Adrian McCoubrey

Personal information
- Full name: Adrian George Agustus Mathew McCoubrey
- Born: 3 April 1980 (age 46) Ballymena, County Antrim, Northern Ireland
- Batting: Right-handed
- Bowling: Right-arm fast-medium

International information
- National side: Ireland;

Career statistics
| Competition | First-class | List A |
| Matches | 14 | 15 |
| Runs scored | 15 | 22 |
| Batting average | 2.50 | 5.50 |
| 100s/50s | 0/0 | 0/2 |
| Top score | 8* | 11 |
| Balls bowled | 1704 | 534 |
| Wickets | 34 | 8 |
| Bowling average | 34.32 | 48.25 |
| 5 wickets in innings | 0 | 0 |
| 10 wickets in match | 0 | n/a |
| Best bowling | 4/16 | 3/19 |
| Catches/stumpings | 5/0 | 0/0 |
- Source: Cricket Archive

= Adrian McCoubrey =

Irish cricketer (born 1980)

Adrian George Agustus Matthew McCoubrey (born 3 April 1980 in Ballymena, County Antrim, Northern Ireland) is an Irish cricketer. A right-handed batsman and right-arm fast-medium bowler, he has played 43 times for the Ireland cricket team since August 1999 including six first-class matches and twelve List A matches. He has also played first-class and List A cricket for Essex.

==Playing career==

===Early Ireland career===

McCoubrey first represented Ireland at Under-19 level, when he played in the 1999 European Under-19 Championship. He made his debut for the senior side in August of that year, playing against Scotland in a first-class match. His second match for Ireland was in May 2000 when he played against the MCC, prior to an appearance in the European Championship that year. He also played a first-class match against Scotland before the year was out.

In 2001, he travelled with the Irish side to Canada to play in the 2001 ICC Trophy. Later in the year, he played against Australia before playing in the Triple Crown Tournament. This was followed by his first two List A matches, playing against Wiltshire and the Hampshire Cricket Board in the C & G Trophy.

He played a C & G Trophy match against Nottinghamshire in May 2002, before playing in the European Championship that year. This was followed by a C & G Trophy match against Berkshire, shortly before he signed with Essex.

===Essex career===

He made his debut for Essex in a national league match against Yorkshire on 5 May 2003, also playing in the same competition against Gloucestershire in July that year. He played two County Championship matches, against Leicestershire and Kent, the same month. He returned to the Ireland side in September that year for two matches against Denmark.

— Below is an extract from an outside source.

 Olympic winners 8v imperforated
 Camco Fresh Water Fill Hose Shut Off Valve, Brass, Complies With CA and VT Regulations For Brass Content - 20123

He was a regular member of the Essex side in the early part of the 2004 English cricket season, playing against Cambridge UCCE, in five County Championship matches and a National League match against Hampshire, but he did not play for Essex again after this point, and returned to playing regularly for Ireland, playing against the West Indies and Bangladesh in 2004.

===Return to Irish side===

Following matches against Loughborough UCCE, Warwickshire and a C & G Trophy match against Yorkshire, McCoubrey was named in the Ireland squad for the 2005 ICC Trophy, which was hosted in Ireland. He played four matches in the tournament, and played in four matches in that year's Intercontinental Cup, including the final against Kenya which Ireland won.

In 2006, he played three matches for Ireland in the newly restructured C & G Trophy; against Hampshire, Gloucestershire and Glamorgan, which are his last matches for Ireland to date.

===Statistics===

In all matches for Ireland, McCoubrey has scored 53 runs at an average of 4.42, with a top score of 11 against Berkshire in August 2002, also his top List A score. He has taken 52 wickets at an average of 26.92, with best innings bowling figures of 4/17 against Scotland in August 2005 also his best first-class bowling performance. In first-class cricket his top score is 8 not out for Ireland against Scotland. In List A cricket, his best bowling performance is 3/19 for Ireland against Uganda.